So yeah, due to various trips and a lot of coursework it’s been a while since the last time posted, but that’s okay because there’s only one person who really reads this blog anyway. Hey dad.
Nonetheless, yesterday of course was opening day, so there’s really no better time to get back into the proverbial swing of things. For whatever reason, the Yankees played the Tampa Bay Rays yesterday afternoon in the first game of the 2017 Major League Baseball season. Wow, it feels good to type that out. We are officially watching baseball that actually matters. After a fairly lackluster offseason around the league, this has been a long time coming.
Unfortunately, the Yankees were back to their old opening day tricks in game 1, losing their first game of the season for the sixth year in a row by a final score of 7-3. All 7 of the Rays runs came in the first 3 innings of the game, and all 7 were attributed to starting pitcher Masahiro Tanaka, who only last 2.2 IP. It was a really really rough outing for Tanaka, especially after his near immaculate spring. It’s just another subtle reminder that spring training games don’t count I suppose.

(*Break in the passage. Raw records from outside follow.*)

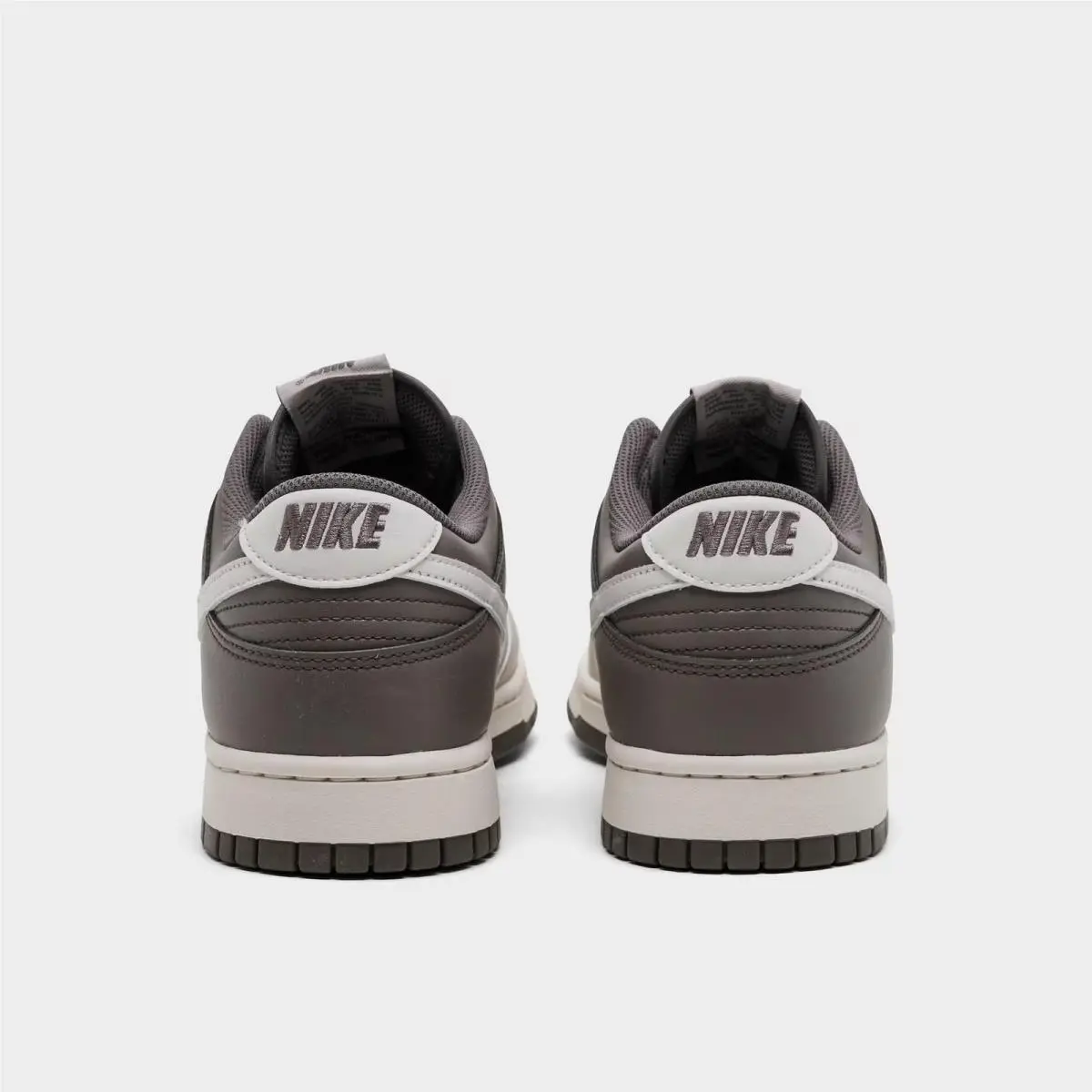 Nike shoes - HF5441 009 - College Grey/Cream II/Phantom/Cave Stone 6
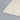 Natural Calico Classic Plain Colour Sample - CreoGlass®
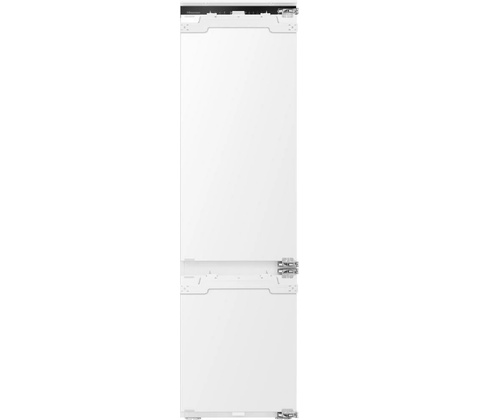 Hisense RB5B280SSWC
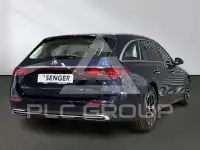 2026 Mercedes Benz E 200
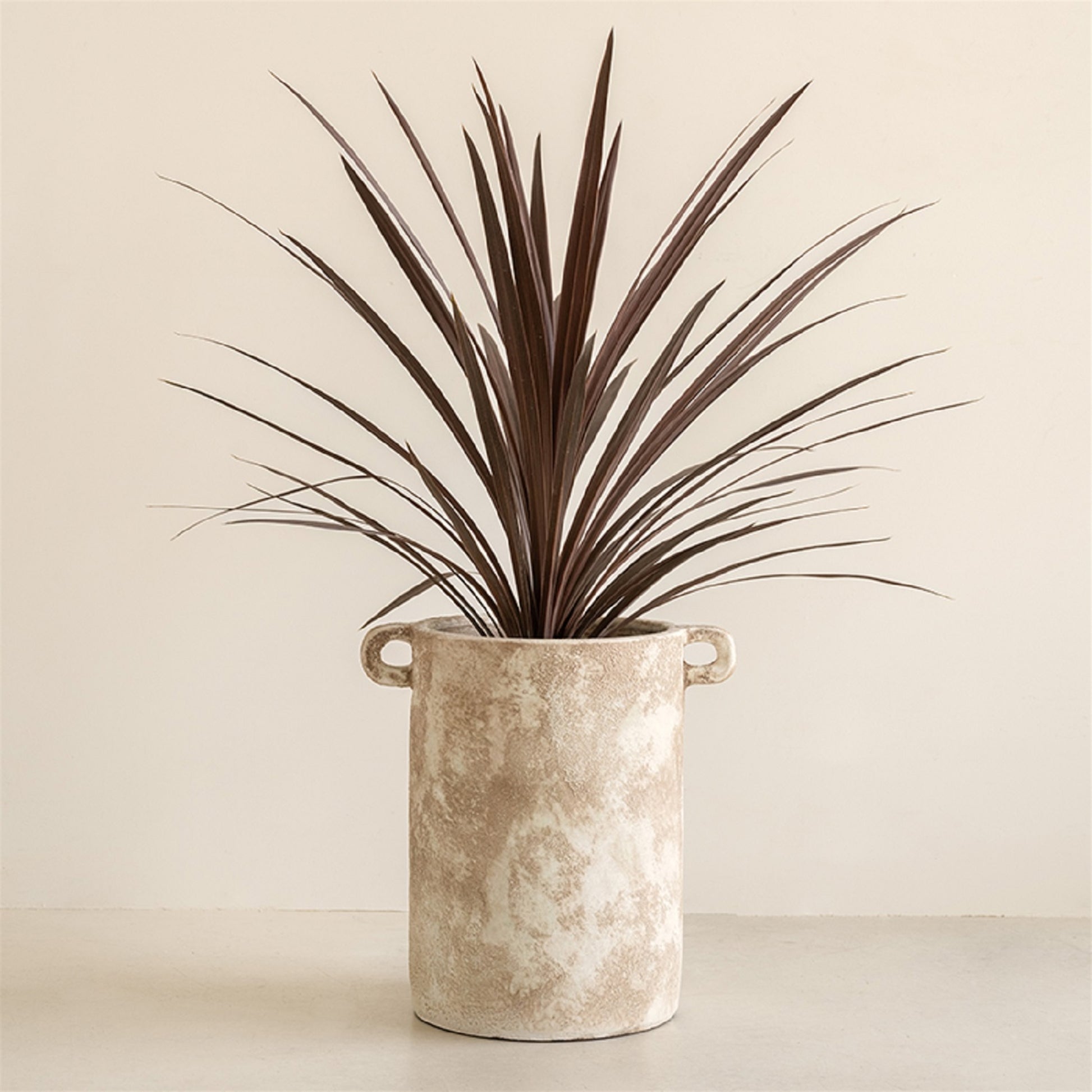 The Jord Pot by Urban Nature Culture | Luxury Vases, Jars & Bowls | Willow & Albert Home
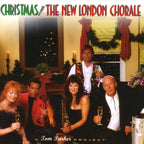 Christmas with the new lo – CD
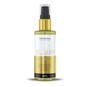 Imagem de Elixir 12 OILS Borabella 60ML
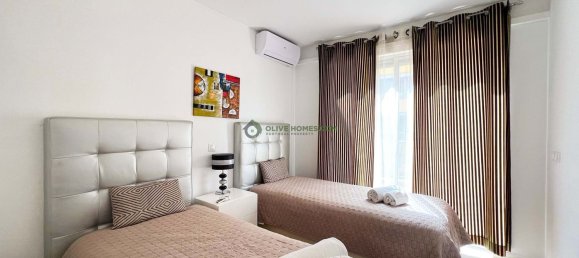 2 bedrooms Apartment in Quarteira, Portugal No. 114153 16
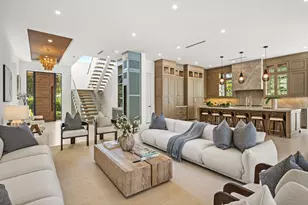 247 Seville Rd, West Palm Beach, FL 33405 - Photo 3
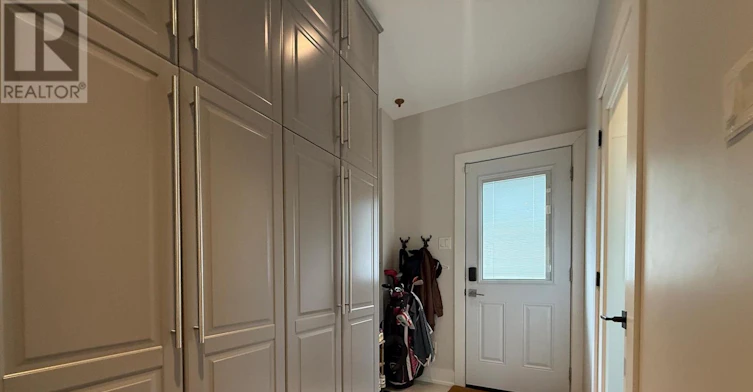 UPPER-48 Albani Street, Toronto, ON, M8V 1X2 - 23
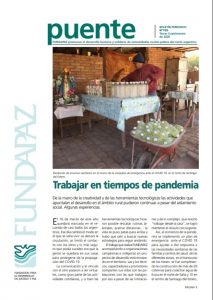destacada 105 ok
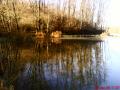 DSC01884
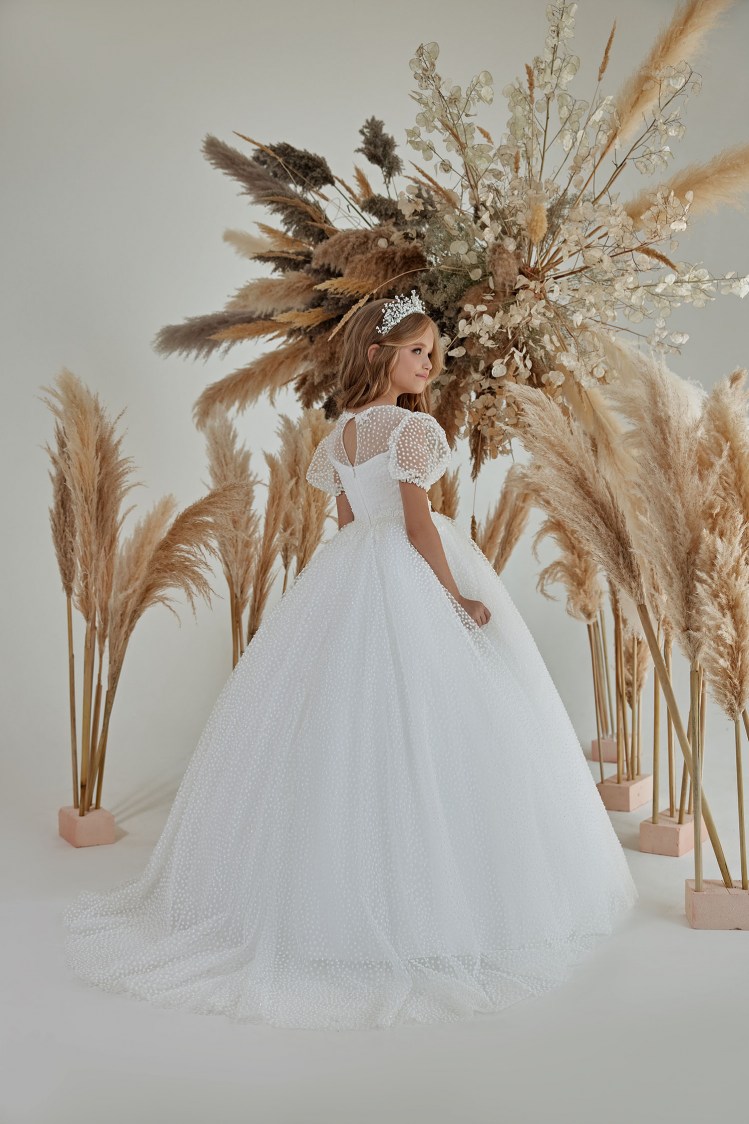 Angeo Bridal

As per his usual game strategy, Tanaka was pitching a lot to the lower half of the zone, which is typically good if you’re a pitcher and you want to keep the ball out of the air. That’s not the story of what happened though. While he managed to strike out 3, Tanaka only got one out on the ground, yielding a disproportionate amount of fly balls, two of which turned into home runs. The first was by the Yankee-killer himself Evan Longoria, who hit the first home run of the 2017 MLB season. It was a shot that just cleared the left field wall at Tropicana in the first inning. The second was a solo shot by Logan Morrison in the 3rd.
It’s just a part of Tanaka’s game that he’s going to give up a decent amount of home runs. In his first three seasons he’s had a HR/9 of 1.14 and a HR/FB % of 14.1, which is pretty terrible. The reason why Tanaka has been able to thrive as an MLB pitcher though is that he doesn’t allow a lot of runners on base, sporting an excellent career WHIP of 1.04. So, usually when the inevitable home run comes along, it’s relatively harmless.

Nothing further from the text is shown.